Avans ödemesinin tutarı ise en yüksek Devlet Memuru brüt aylığının 10 katı tutarındadır. Avans ödemesinin gerçekleştirilmesi ve tedavinin sonuçlandırılıp kesin raporun da çıkması ile birlikte kişiye ödenecek asıl gazilik tazminatından söz konusu avans ödemesi düşülür.

Gazi Tazminatı Nasıl Alınır?

Gazilik tazminatı, şehitlik tazminatında olduğu gibi diğer tazminatlardan farklı olarak herhangi bir yargı merciinin kararına gerek duyulmaksızın idare tarafından ilgiliye kendiliğinden ödenen bir tazminat türüdür. İdarenin herhangi bir yargı kararı olmaksızın ilgiliye gerçekleştirmiş olduğu söz konusu ödeme, idari işlem niteliğindedir.

Bu itibarla ilgilinin, almış olduğu tazminat bakımından eksik veya yanlış hesaplama gibi hataları fark etmesi halinde işlemin iptali için yetkili İdare Mahkemesinde iptal davası açması mümkündür. İptal Davası için öngörülen süre ise gazi tazminatına konu işlemin ilgiliye tebliğinden itibaren 60 gündür.

Gazilik Tazminatı Emsal Karar

Danıştay 10.D., 2017/969E., 222/3537K.
“… Davacının, … Emniyet Müdürlüğü Özel Harekat Şube Müdürlüğünde polis memuru olarak görev yapmakta iken, bölücü terör örgütü mensupları ile girişilen silahlı çatışma sonucu yaralandığı anlaşılmış olup, söz konusu olay nedeniyle davacının uğradığı zararın kusursuz sorumluluk ilkesi uyarınca tazmini gerektiği açıktır.

Dava dilekçesinde, davacı tarafından gelir kaybı nedeniyle oluşan zararın yanında çalışma gücü (efor) kaybı nedeniyle oluşan zararın da tazmini istenildiğinden, uyuşmazlığın çözümü için gelir kaybı nedeniyle oluşan zarar ile birlikte efor kaybı nedeniyle oluşan zararın da tespiti gerekmektedir.

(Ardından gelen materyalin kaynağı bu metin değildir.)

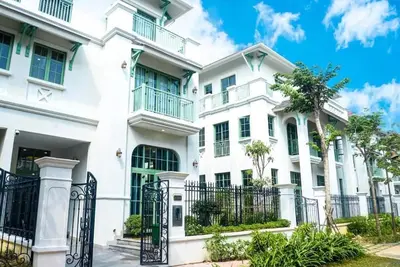 Image de Evelyn Villa Phú Quốc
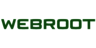 Webroot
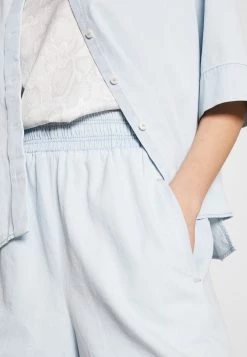 Prix Dynamité DRYKORN SWEETIE - Short vêtements haute femme -DRYKORN Soldes 2022 57b4f882d33e4516ba4df9b328730d66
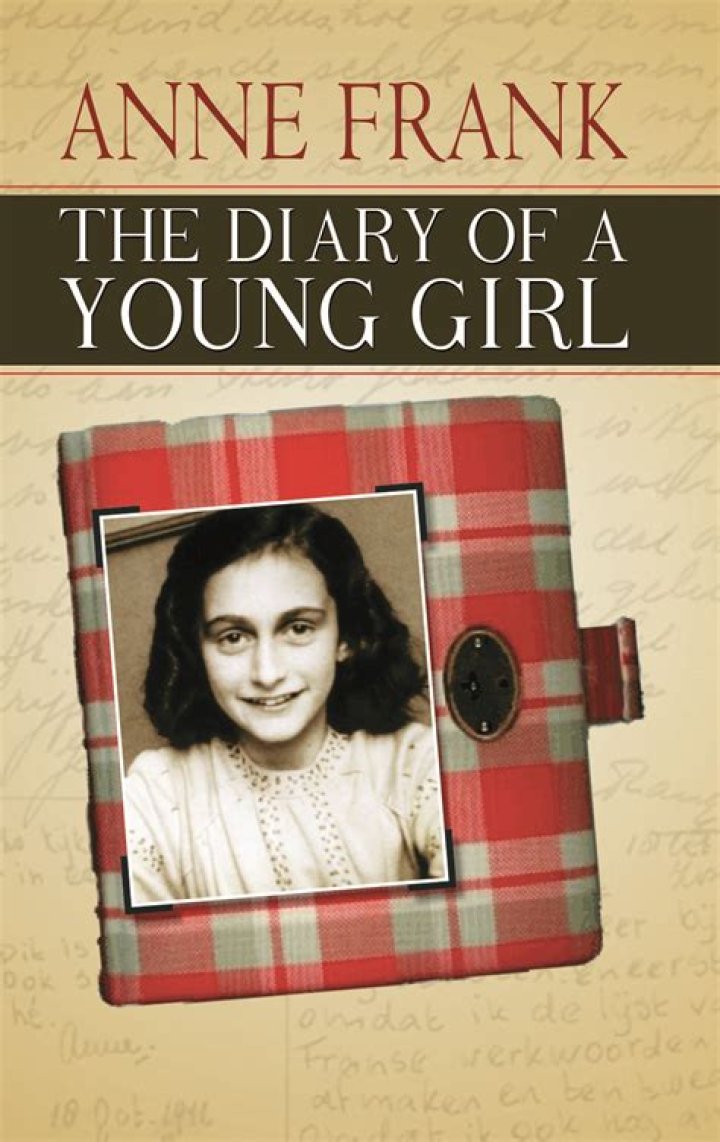 The Young Girl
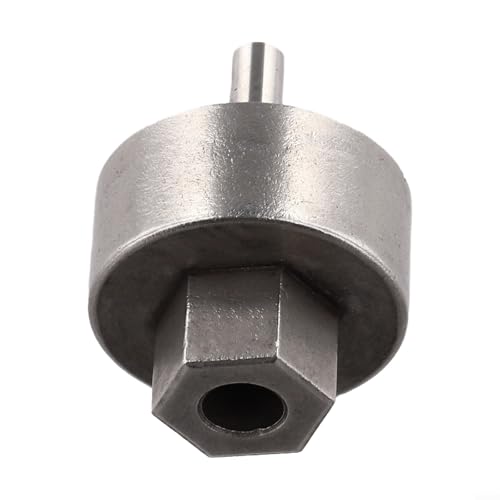 530031116 Kupplungsentfernungswerkzeug für Poulan Kettensägen Kompatibel mit Modellen 2700 2800 3000 3100 PP285 PP330 PP336C PP365 Schwerlast Metallkonstruktion für einfache und von Besttoolifes
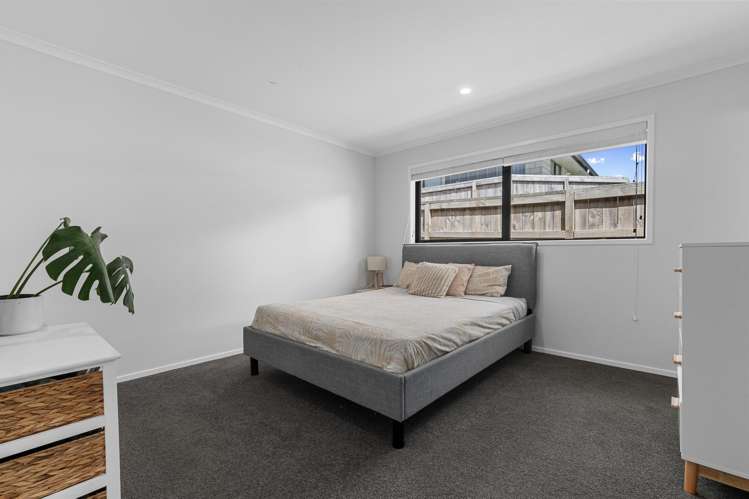 47 Ridge Drive Omokoroa_9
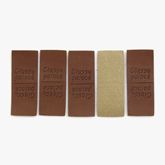 썸네일(스크롤)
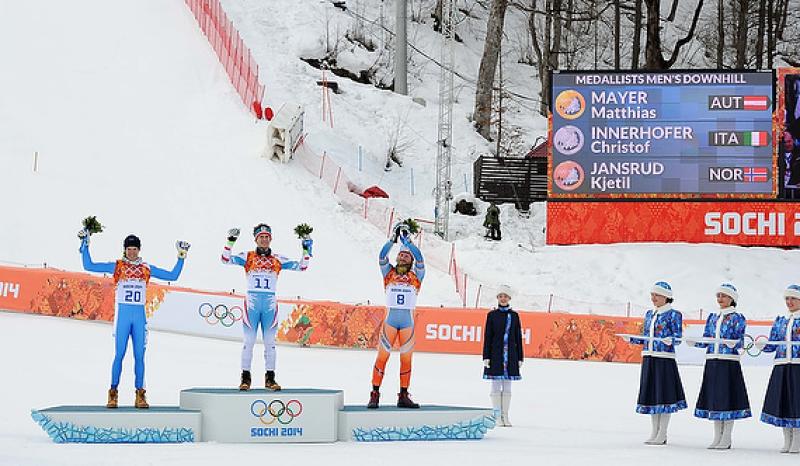 innerhoferferrarogmt033 innerhoferferrarogmt033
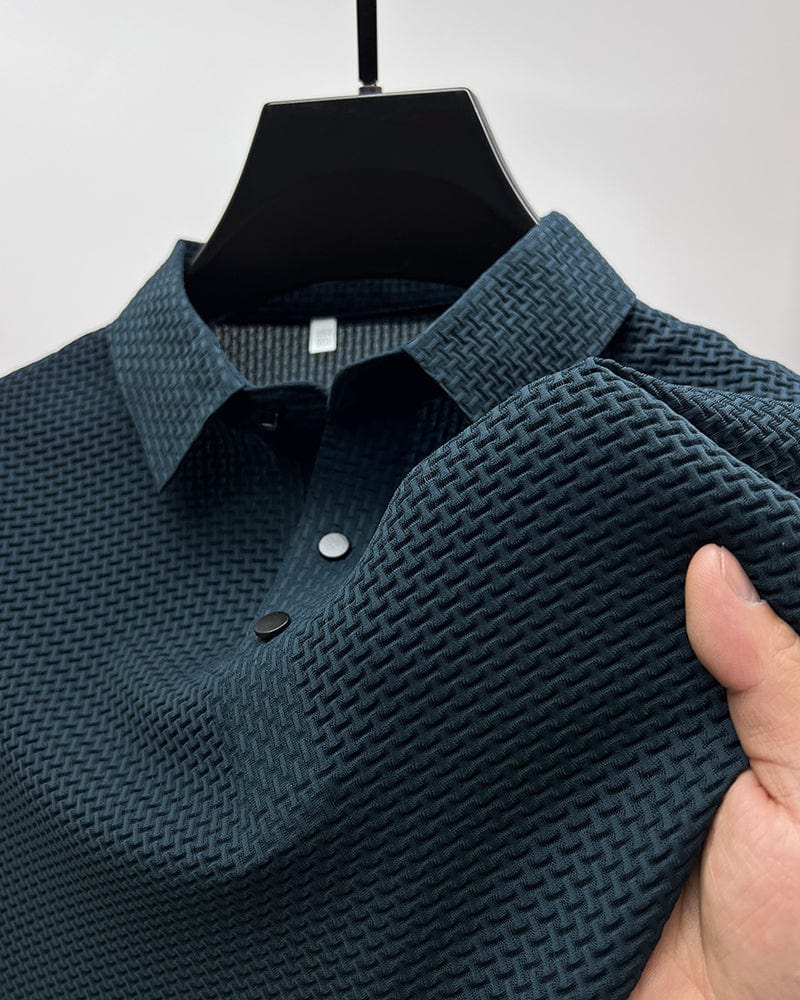 Prestigio™ | Muška premium polo majica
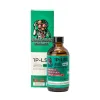Buy 100ug Microdose LSD 100ML 1P-LSD Microdosing Kit Deadhead Chemist Online in Canada - Fantasy Shrooms
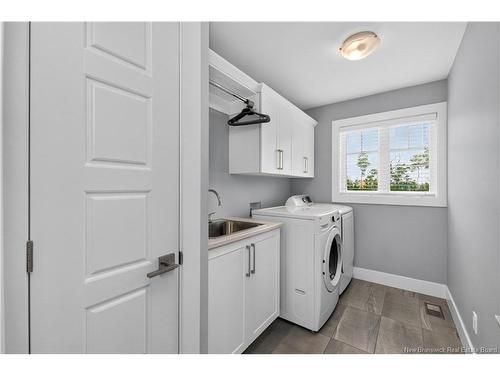 68 Albion St, Moncton, NB 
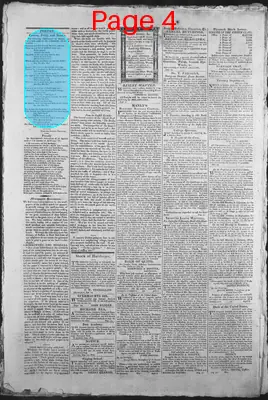 Page thumbnail for The New Hampshire Gazette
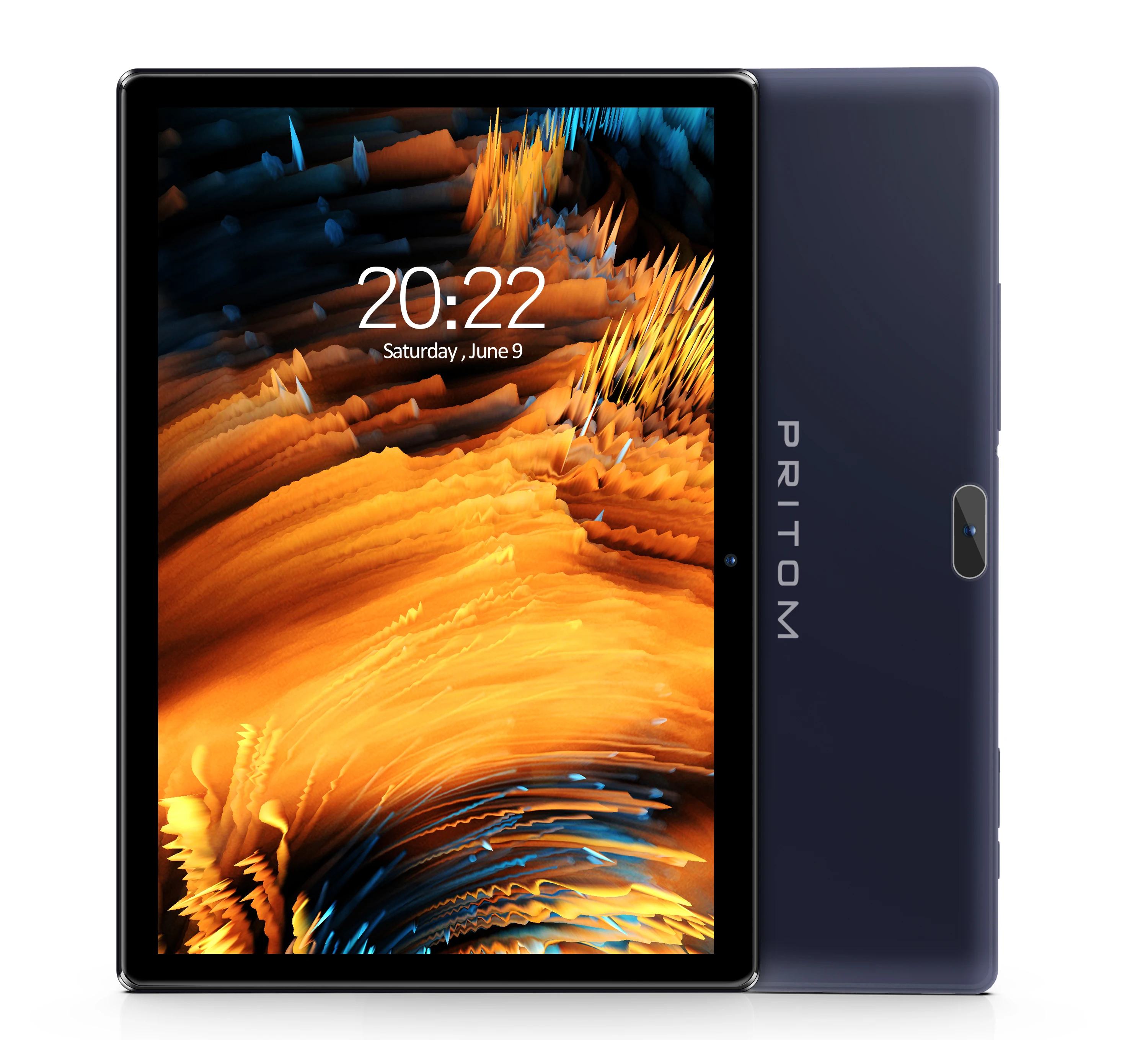 ANDROID TABLET13 TAB10Pro M10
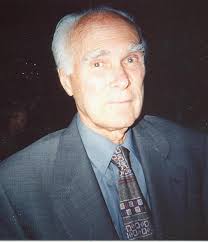 Robert Archer Obituary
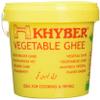 Khyber Pure Vegetable Ghee, 907 g view 1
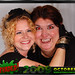Kim Britt Photo 10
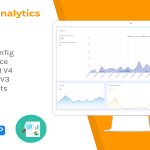 دانلود رایگان اسکریپت Google Analytics - راه اندازی سیستم آنالیز گوگل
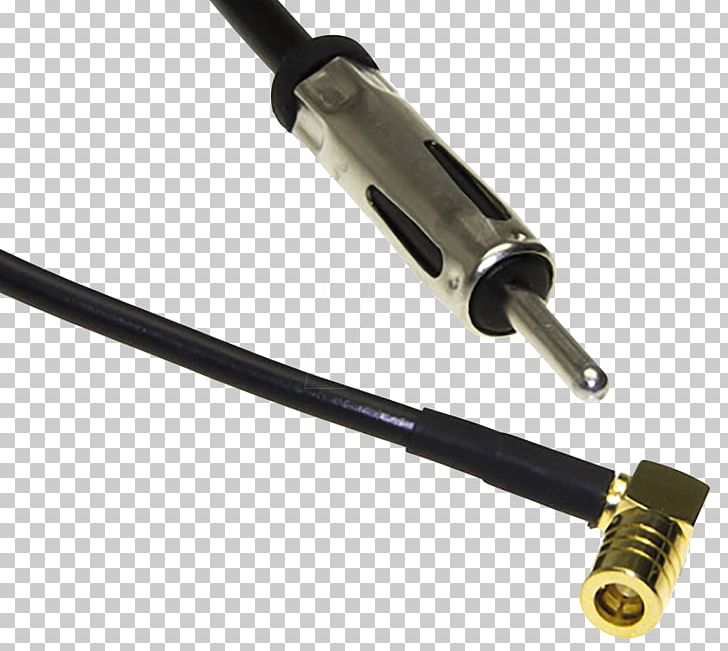 Car Aerials Vehicle Audio Digital Audio Broadcasting Adapter PNG, Clipart, Adapter, Ant, Cable, Car, Coaxial Cable Free PNG Download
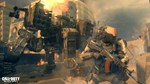 Call of Duty: Black Ops III - Zombies Deluxe Steam RU - irongamers.ru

Dava konusu uyuşmazlığın gelir kaybına ilişkin kısmının incelenmesi:

Dosyanın incelenmesinden; davacıya …. tarih ve … sayılı Emniyet Genel Müdürlüğü Nakdi Tazminat Komisyonunun kararıyla nakdi tazminat ödendiği, daha sonra Emekli Sandığı Genel Müdürlüğünün … tarih ve … sayılı yazısı üzerine daha önce ödenen nakdi tazminat tutarı düşülerek yeni düzenleme uyarınca nakdi tazminat ödemesi yapıldığı, Sosyal Güvenlik Kurumu Başkanlığının Mahkemenin ara kararı sonrası dosyaya sunulan … tarih ve … sayılı cevabi yazısında, davacının 01/03/2005 tarihi itibarıyla vazife malulü olarak emekliye sevk edilmesi üzerine 15/03/2005 tarihinden itibaren 3. derece 1. kademe 800 ek gösterge intibakı ve görevdeki emsali polis memuruna ödenen görev aylığı esas alınarak 5434-3713 sayılı Kanunlar uyarınca davacıya vazife malullüğü aylığı bağlandığının belirtildiği, … Emniyet Müdürlüğünün … tarih ve … sayılı yazısında davacının vazife malulü olarak emekliye sevk edilmesine kadar özel harekat şube müdürlüğü kadrosunda görev yaptığından maaşında bir kesinti olmadığı, 24/03/2005 tarihli aylık bağlama kararına göre 3713 sayılı Kanun gereği 30 yıllık hizmet üzerinden 21.563,42 TL emekli ikramiyesi ödenmesine karar verildiği, 5434 sayılı Kanun’un Ek 79. maddesi gereği tütün ikramiyesi ödendiği anlaşılmaktadır.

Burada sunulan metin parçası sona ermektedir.